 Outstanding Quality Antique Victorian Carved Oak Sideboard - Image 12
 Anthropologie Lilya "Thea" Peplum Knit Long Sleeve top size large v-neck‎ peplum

○ ○ ○ ○ ○

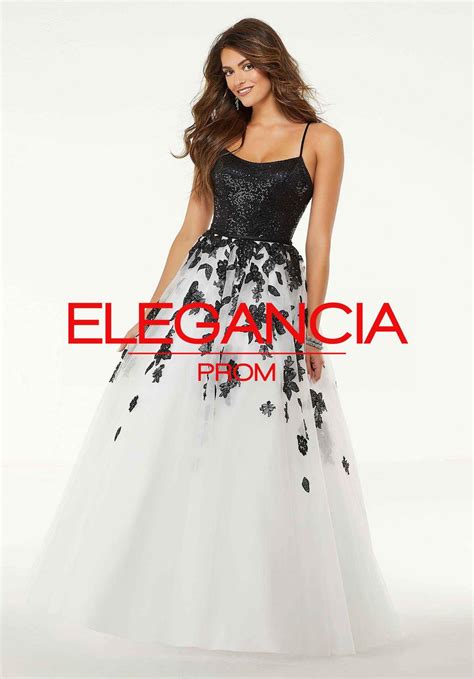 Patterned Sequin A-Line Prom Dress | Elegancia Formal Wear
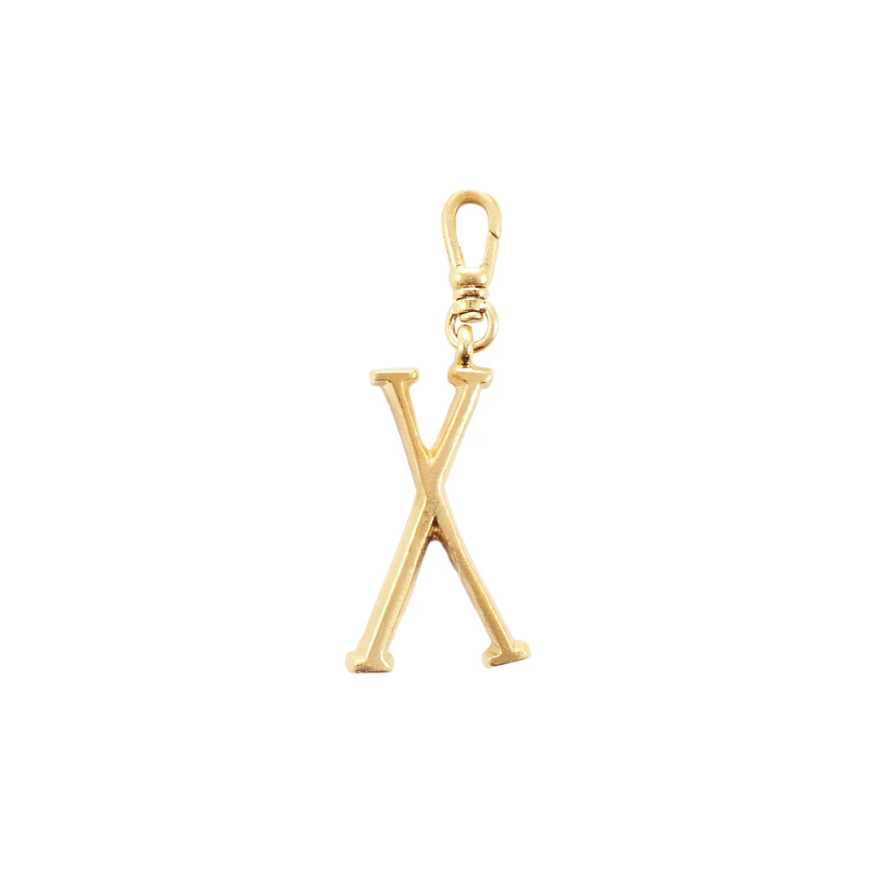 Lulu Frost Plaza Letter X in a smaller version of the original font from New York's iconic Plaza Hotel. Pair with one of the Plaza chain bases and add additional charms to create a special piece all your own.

○ ○ ○ ○ ○

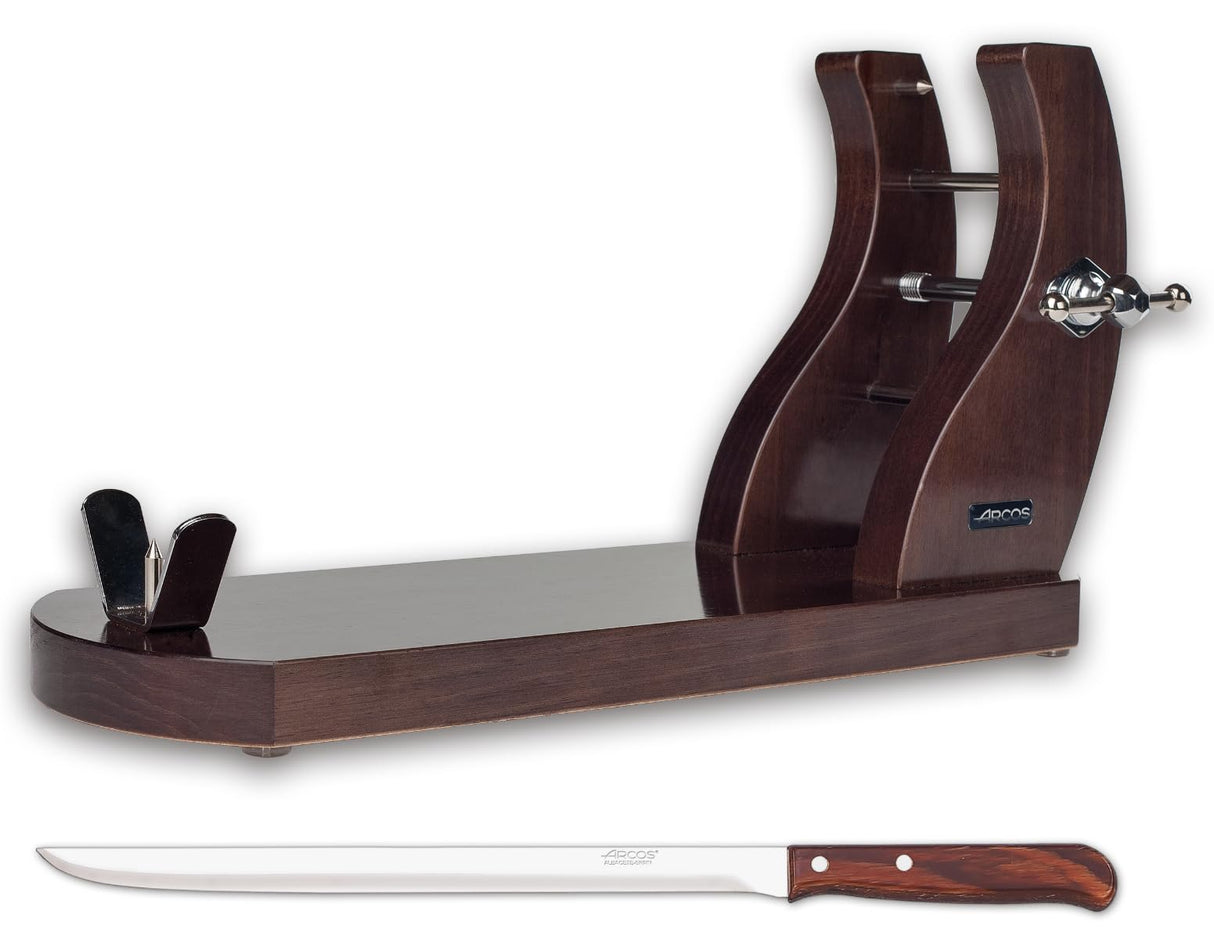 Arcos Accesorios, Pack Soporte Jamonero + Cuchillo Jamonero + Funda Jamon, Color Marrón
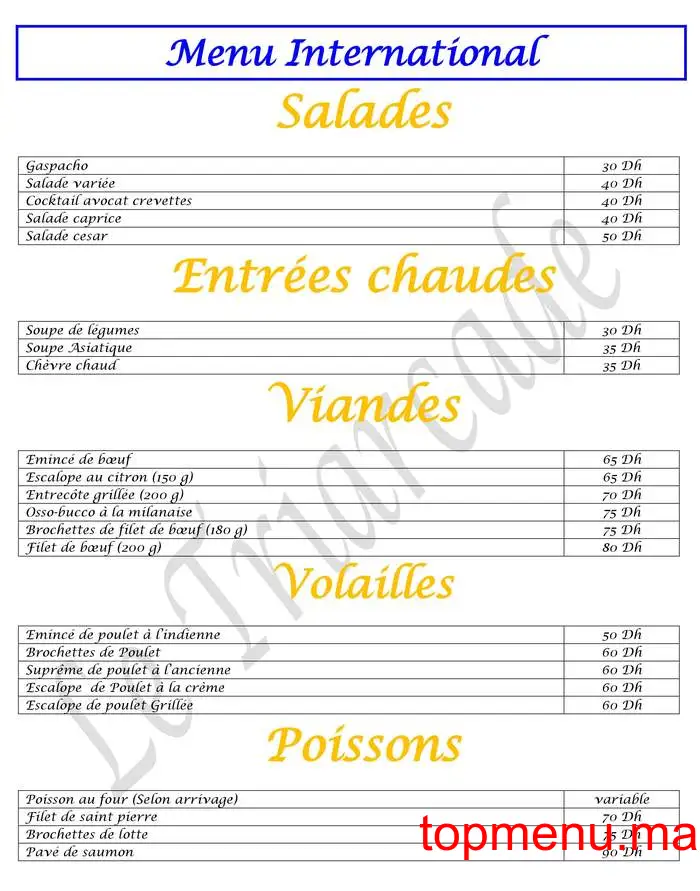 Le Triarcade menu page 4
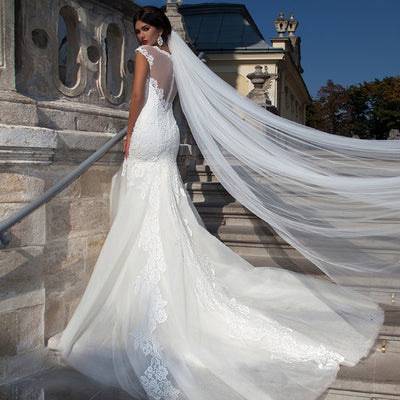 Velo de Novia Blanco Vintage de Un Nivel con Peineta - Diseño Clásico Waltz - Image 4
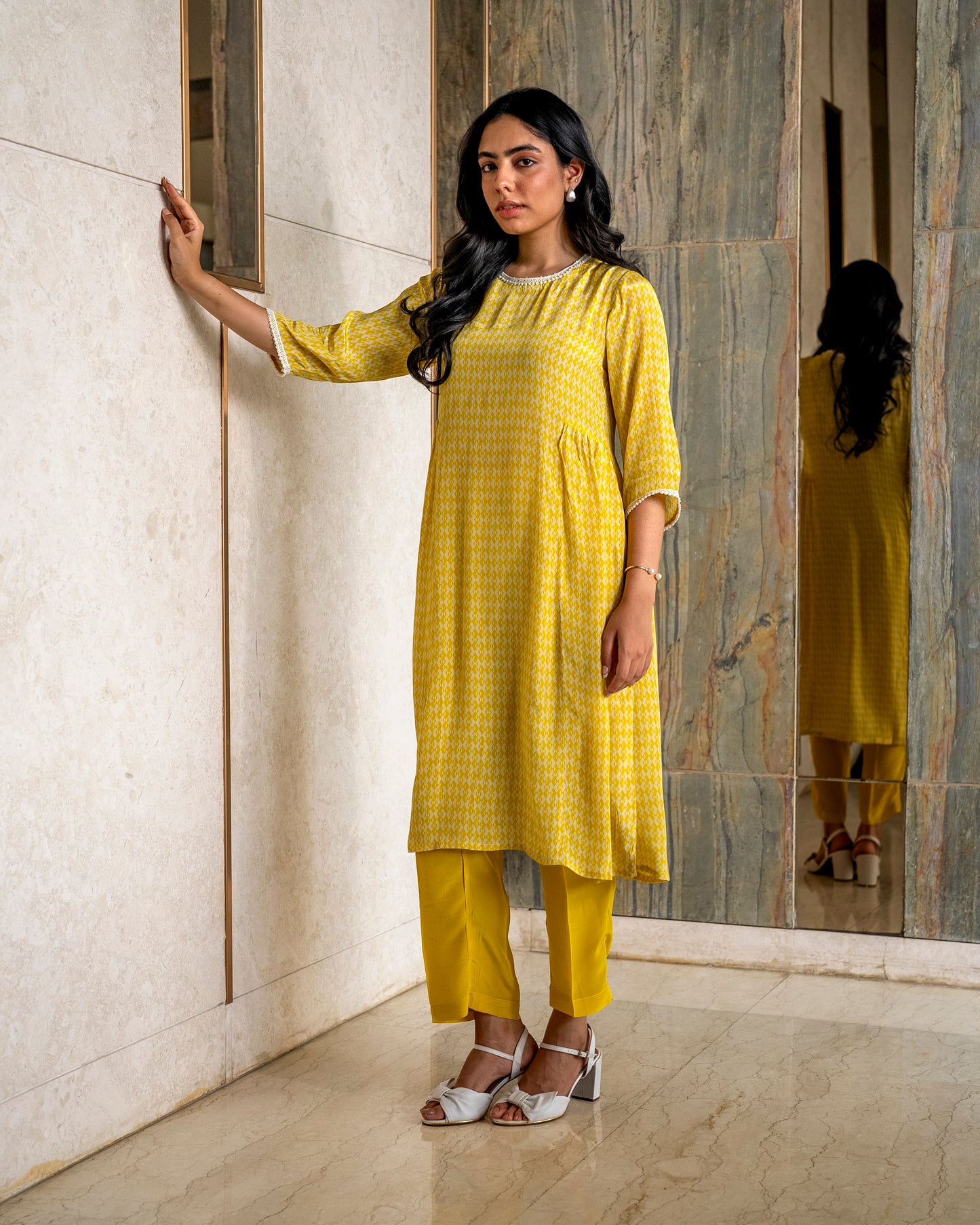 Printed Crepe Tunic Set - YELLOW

○ ○ ○ ○ ○

EXERCISE REQUIREMENTS:
An exact copy of the lines above from the one with "Velo de Novia" up to and including the one with "Printed Crepe Tunic Set - YELLOW" is required; reproduce only those lines, omitting all pictures.

EXERCISE RESPONSE:
 Velo de Novia Blanco Vintage de Un Nivel con Peineta - Diseño Clásico Waltz - Image 4
 Printed Crepe Tunic Set - YELLOW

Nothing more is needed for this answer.